S2 (fix before scale-up)
L1 in-process LRU may be over-engineering. The Architect reviewer flagged the L1+L2 design as marginal benefit for added complexity (cross-task inconsistency, double-invalidation logic). Resolution: keep L1 only for the top-50 ASIN slice (small footprint, high reuse) with 30s TTL; remove L1 for reco:, promo:, review: keyspaces where Redis-network latency is the dominant cost component. Measure L1 hit rate post-launch; remove L1 entirely if hit rate < 25%.
Cache warming race window. Pre-fetch at 8:30am JST but traffic starts at 8:15am — first 15 minutes hit cold cache and stampede the origin. Resolution: start warming at 8:00am; use probabilistic early expiration (cache entries at 80% TTL begin async refresh) to avoid hard expiry storms; soft-refresh top 50 ASIN keys at the top of every hour.
Working-set estimate omits embedding cache. US-06's emb: keyspace adds ~300 MB (50K embeddings × 6 KB float32). At 1.5 KB int8-quantized that drops to ~75 MB. Resolution: update the working-set table to include emb: row at 75 MB (assuming int8 quantization is mandated in US-06); upsize Redis node from r6g.large to r6g.xlarge (26 GB) for headroom.

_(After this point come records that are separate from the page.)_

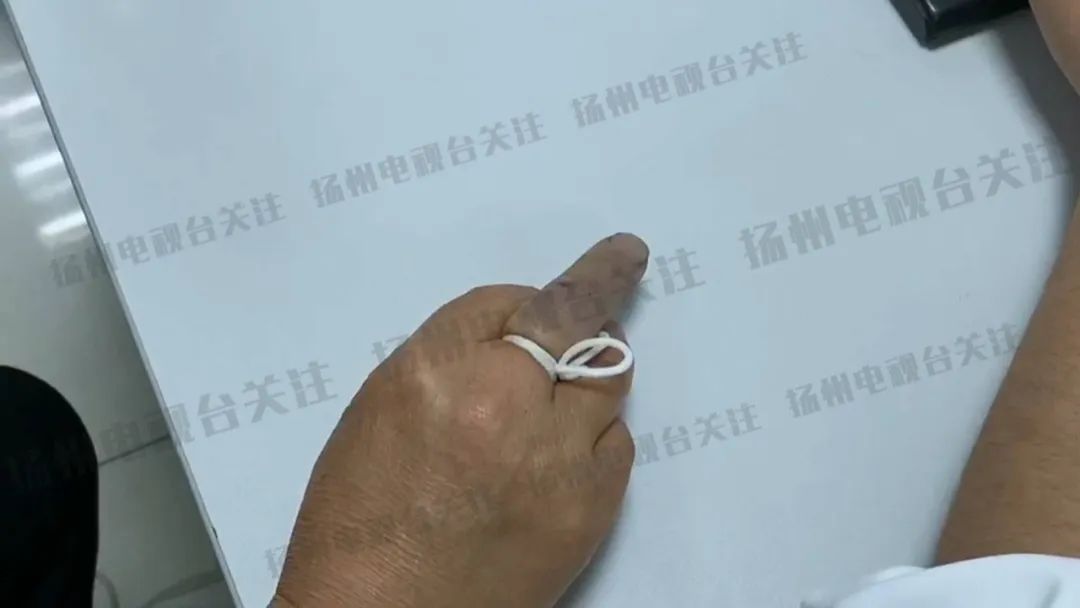 毒蛇咬伤后的自救指南
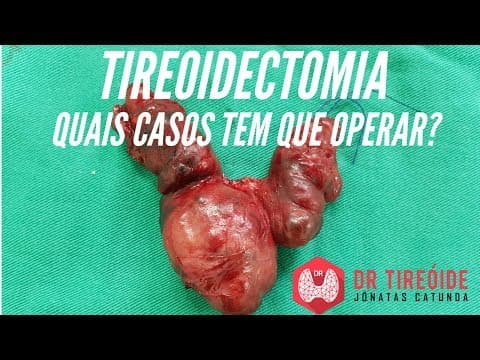 Quem precisa fazer a tireoidectomia? | Dr Jônatas Catunda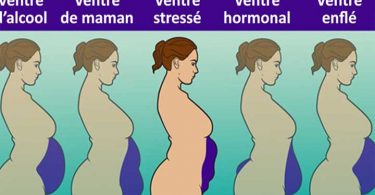 5 types de ventre et comment s’en débarrasser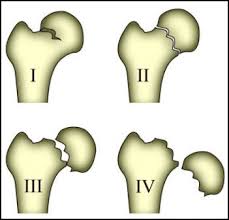 Partial Hip Replacement Surgery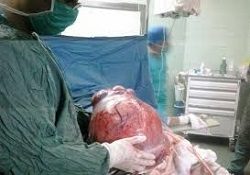 خارج کردن توده 6 کیلویی از شکم بیماری در کنگان +عکس خارج کردن توده 6 کیلویی از شکم بیماری در کنگان +عکس
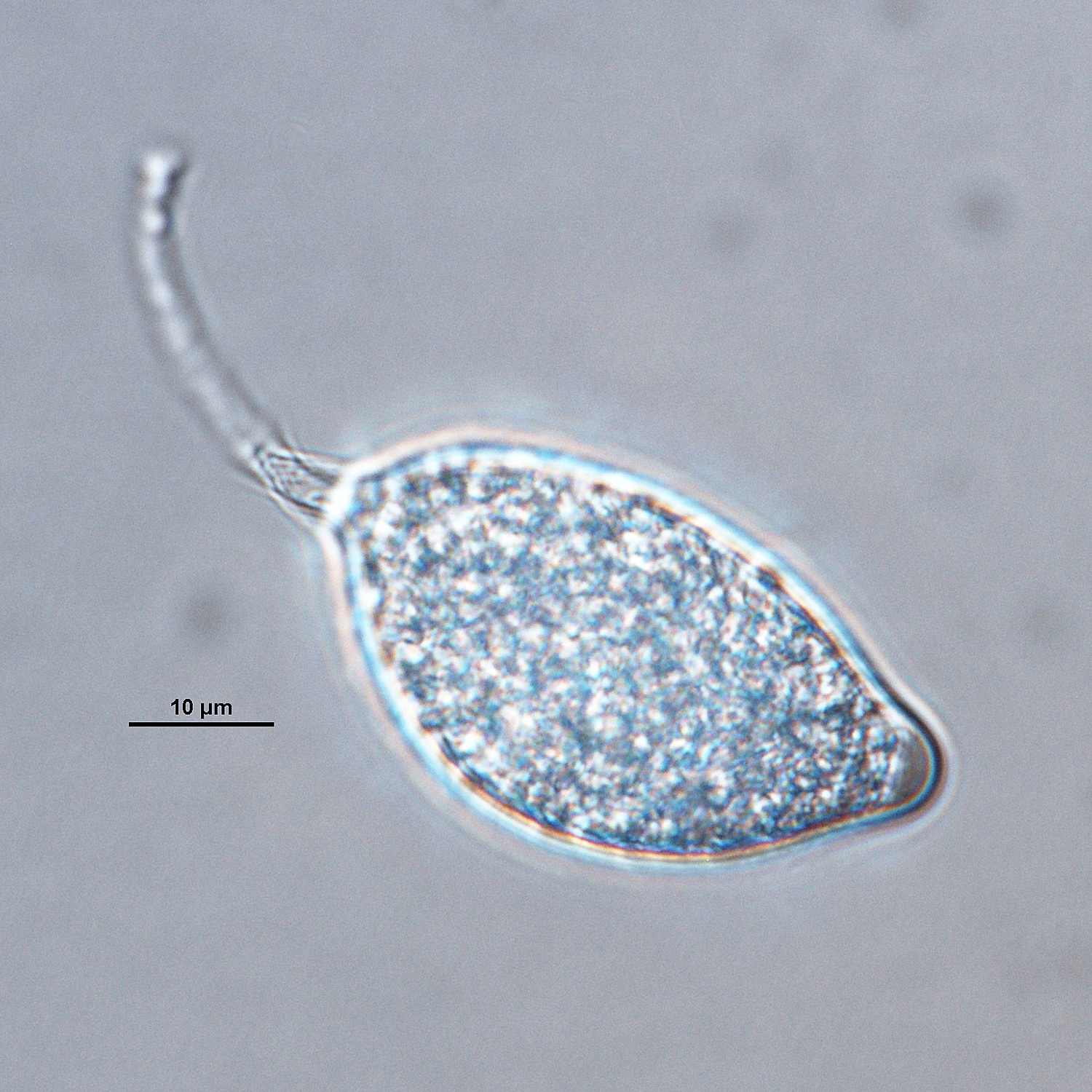   Phytophthora tropicalisnbsp; asexual phase of ex-type CPHST BL 58 formed on V8 agar flooded with soil extract: sporangiumnbsp;papillate, caducous with long pedicel; photonbsp;by Gloria Abad, USDA-APHIS-PPQ.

Rate-limit log retention contains IPs (PII under GDPR). Resolution: hash IPs (SHA-256(IP + monthly-rotated salt)) before logging; cap log retention at 30 days.

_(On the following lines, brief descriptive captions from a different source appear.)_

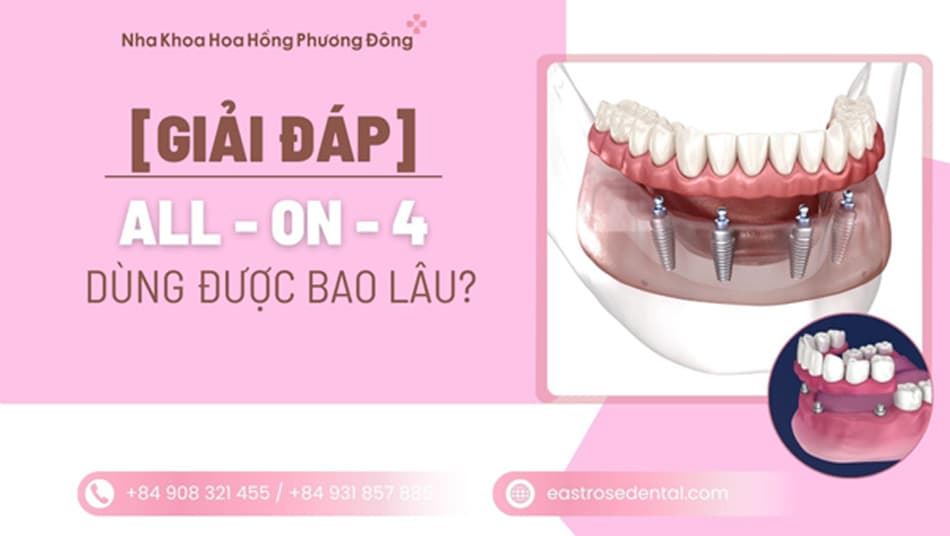 Trồng răng Implant All-on-4 dùng được bao lâu? Có bền trọn đời không?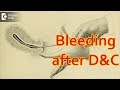 How many days do you bleed after a D&amp;C? - Dr. Sagar Bumb of Cloudnine Hospitals | Doctors&#39; Circle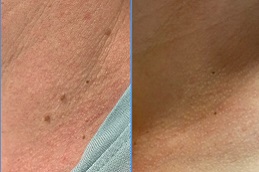 skin-lesion-removal-cost in dubai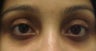 Restylane to the tear trough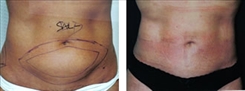 Liposuction Patient Before & After Photo 1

S3 (acknowledged / future work)
- Cache-key namespace migration to mcrouter (per-task connection pooling) if L1 is removed.
- Cross-region replicated Redis (DR) — out of scope; single-region by current design.
Runbook: Redis Cluster Failure
Symptoms: ElastiCache CloudWatch alarm; sustained Redis connection errors > 10% across all five dependent stories.
Triage (in order):
- Confirm Multi-AZ failover triggered. If primary failed, replica should promote within 60–90s.
- During the 60–90s outage window, all five stories run in fallback mode (above). Validate each story is degrading gracefully — no 5xx storm: - US-01: Bedrock spend rate spikes (no LLM cache); US-08 breaker may trip — that is the expected safety net. - US-03: origin services hit; concurrency circuit breakers must be active. - US-08: in-process token-bucket fallback; rate-limit accuracy degrades but no fail-open.
- After failover, monitor for cache-stampede recovery; warm from US-07's recent-ASIN list to short-circuit cold start.
- If failover does not complete within 5 minutes, escalate; manual instance promotion via CLI as last resort.
Escalation: Origin services must pre-scale 2× headroom for the failover window — confirmed during quarterly DR drill, not during the incident.